* **Activity**
Copy the listing in full and exactly, omitting its images.

* **Data for the task**

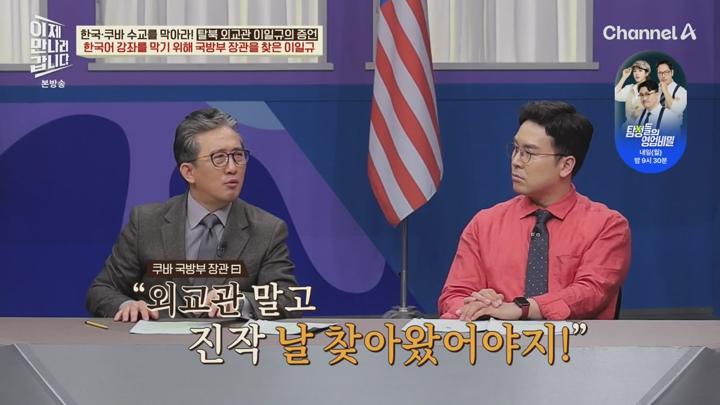 이제 만나러 갑니다.E701.250608.720p.avi 비디오 썸네일 이미지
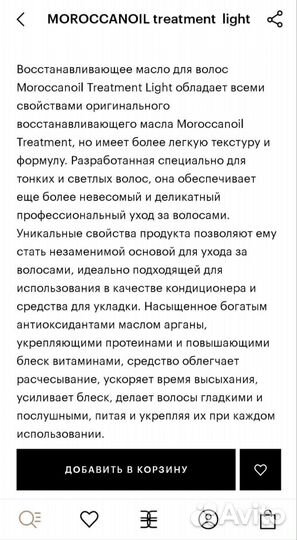 Moroccanoil масло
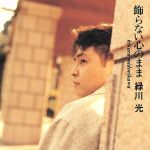 飾らない心のまま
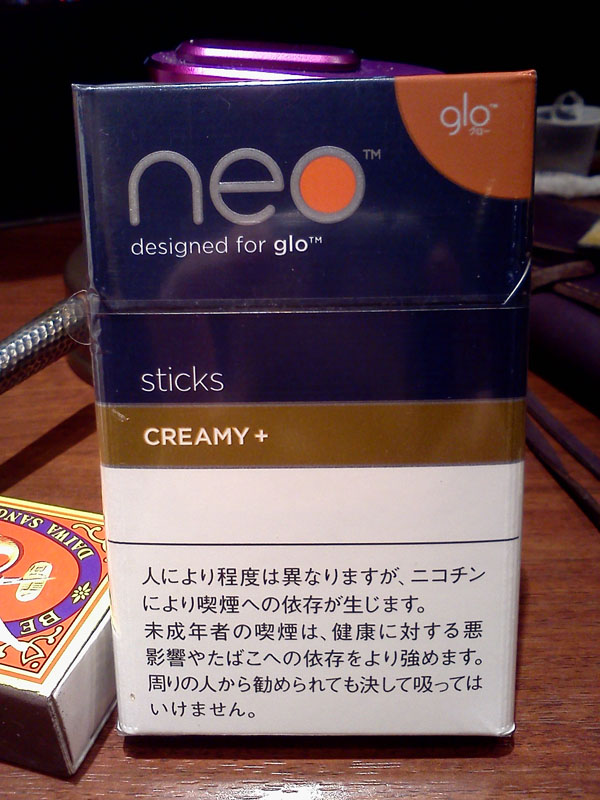 グロー ネオ クリーミープラス スティック プロ妖精ぺぺやま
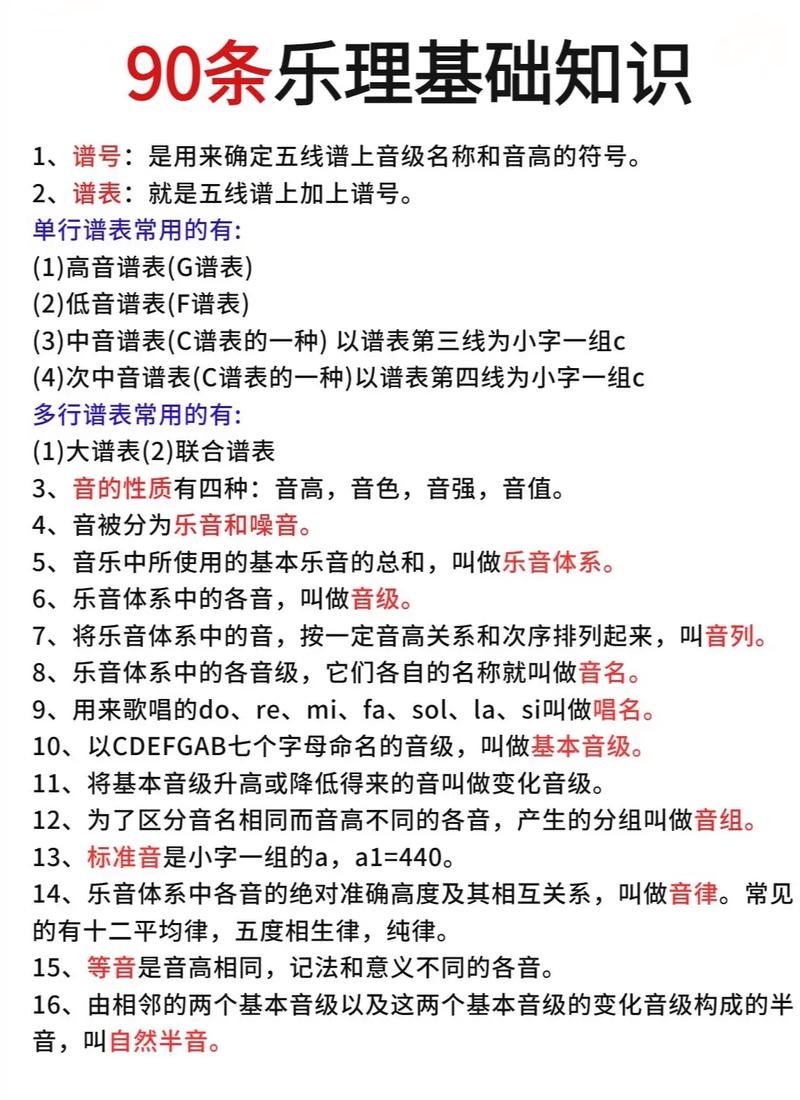 音乐常识人物(音乐常识人物介绍)-第4张图片-牛逼常识网 音乐常识人物(音乐常识人物介绍)-第4张图片-牛逼常识网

* **Task solution**
 이제 만나러 갑니다.E701.250608.720p.avi 비디오 썸네일 이미지
 Moroccanoil масло
 飾らない心のまま
 グロー ネオ クリーミープラス スティック プロ妖精ぺぺやま
 音乐常识人物(音乐常识人物介绍)-第4张图片-牛逼常识网 音乐常识人物(音乐常识人物介绍)-第4张图片-牛逼常识网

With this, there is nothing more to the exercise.